X_test = test.drop(["casual"], axis = 1)
y_test = test["casual"]

X_train.head()
weathersit workingday yr temp hum windspeed holiday mnth_2 mnth_3 mnth_4 mnth_5 mnth_6 mnth_7 mnth_8 mnth_9 mnth_10 mnth_11 mnth_12
0 2 0 0 0.344167 0.805833 0.160446 0 0 0 0 0 0 0 0 0 0 0 0
1 2 0 0 0.363478 0.696087 0.248539 0 0 0 0 0 0 0 0 0 0 0 0
2 1 1 0 0.196364 0.437273 0.248309 0 0 0 0 0 0 0 0 0 0 0 0
3 1 1 0 0.200000 0.590435 0.160296 0 0 0 0 0 0 0 0 0 0 0 0
4 1 1 0 0.226957 0.436957 0.186900 0 0 0 0 0 0 0 0 0 0 0 0

Train the analytical method of my LinearRegression class on the bikeshare training data.

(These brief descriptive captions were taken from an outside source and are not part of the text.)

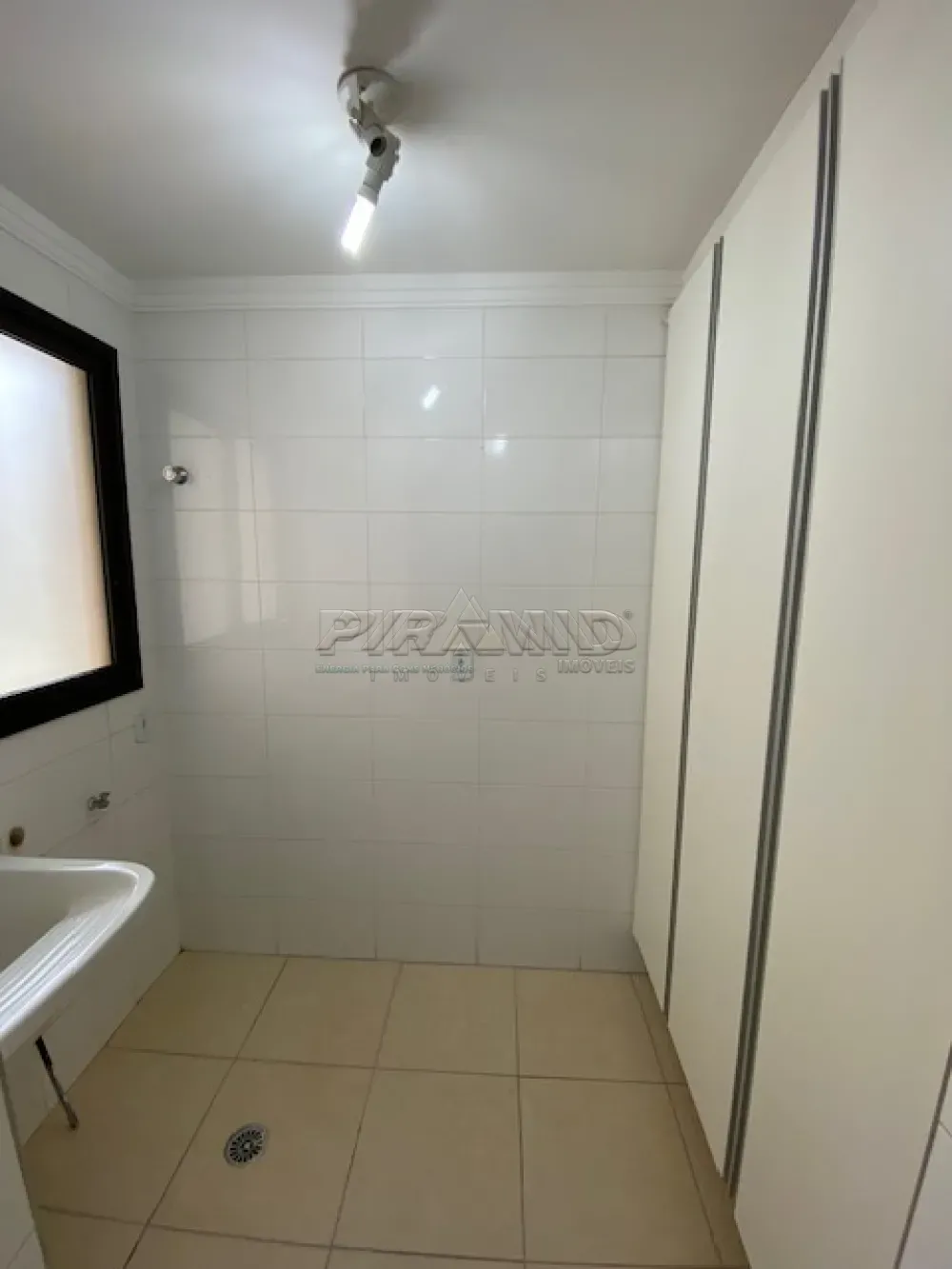 Alugar Apartamento / Padr&atilde;o em Ribeir&atilde;o Preto R$ 2.200,00 - Foto 15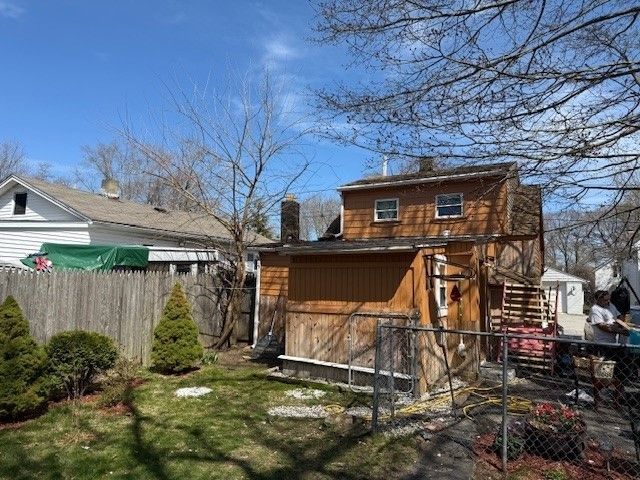 77 Huron Street, Warwick, RI 02889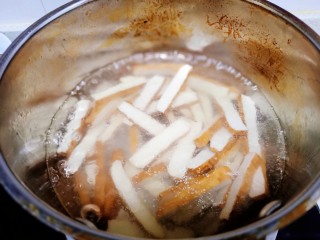 蒜苗炒香干,豆干切条，水开后放入锅中焯水10秒钟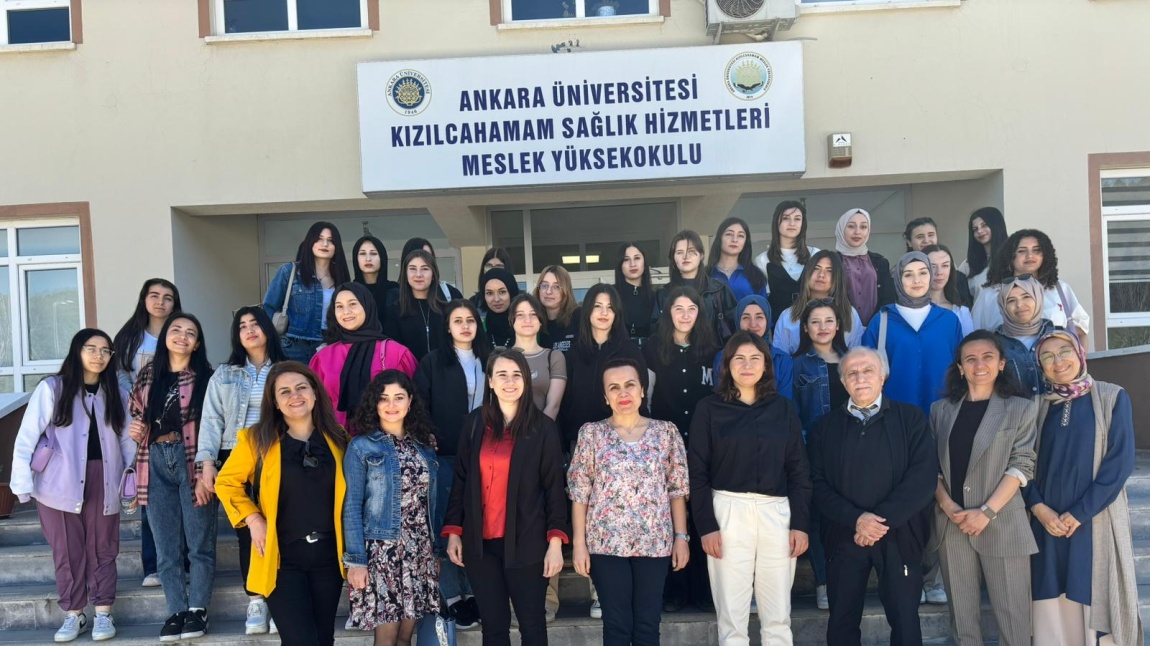 Okulumuz Hasta ve Yaşlı Hizmetleri Alanı Öğretmenleri ve Öğrencileri Kızılcahamam Sağlık Meslek Yüksekokuluna Gezi Düzenledi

from source import LinearRegression

LR = LinearRegression()
LR.fit_analytic(X_train, y_train)
  1. Score my linear regression model on the test set:
LR.score(X_test,y_test)
0.6967732383931238
  1. Compute the predictions for each day and visualize them in comparison to the actual ridership on the test set:
def pad(X):
    return np.append(X, np.ones((X.shape[0], 1)), 1)
import numpy as np
import matplotlib.pyplot as plt

X_test_ = pad(X_test)
y_predict= LR.predict(X_test_)

ax1 = plt.subplot(211)
ax1.plot( y_predict, color = "blue", label = "predict")
ax2 = plt.subplot(212)
ax2.plot( y_test, color = "green", label = "actual")

plt.show()

  1. Compare the entries w of my model to the corresponding entry of X_train.columns in order to see which features my model found to contribute to ridership.
  • Positive coefficients suggest that the corresponding feature contributes to ridership.
LR.w
array([ -108.37113627,  -791.69054913,   280.58692733,  1498.71511272,
        -490.10033978, -1242.80038075,  -235.87934918,    -3.35439712,
         369.27195552,   518.40875345,   537.30188616,   360.80799815,
         228.88148125,   241.31641202,   371.50385387,   437.60084787,
         252.43300405,    90.8214605 ,   919.07676215])
X_train.columns
Index(['weathersit', 'workingday', 'yr', 'temp', 'hum', 'windspeed', 'holiday',
       'mnth_2', 'mnth_3', 'mnth_4', 'mnth_5', 'mnth_6', 'mnth_7', 'mnth_8',
       'mnth_9', 'mnth_10', 'mnth_11', 'mnth_12'],
      dtype='object')
Conclusion:

‘yr’,‘temp’, and all “mnth” have positive coefficients, suggesting that they contribute to ridership. Among all, temperature has the highest coefficient, so nice weather has the most significant effect on ridership.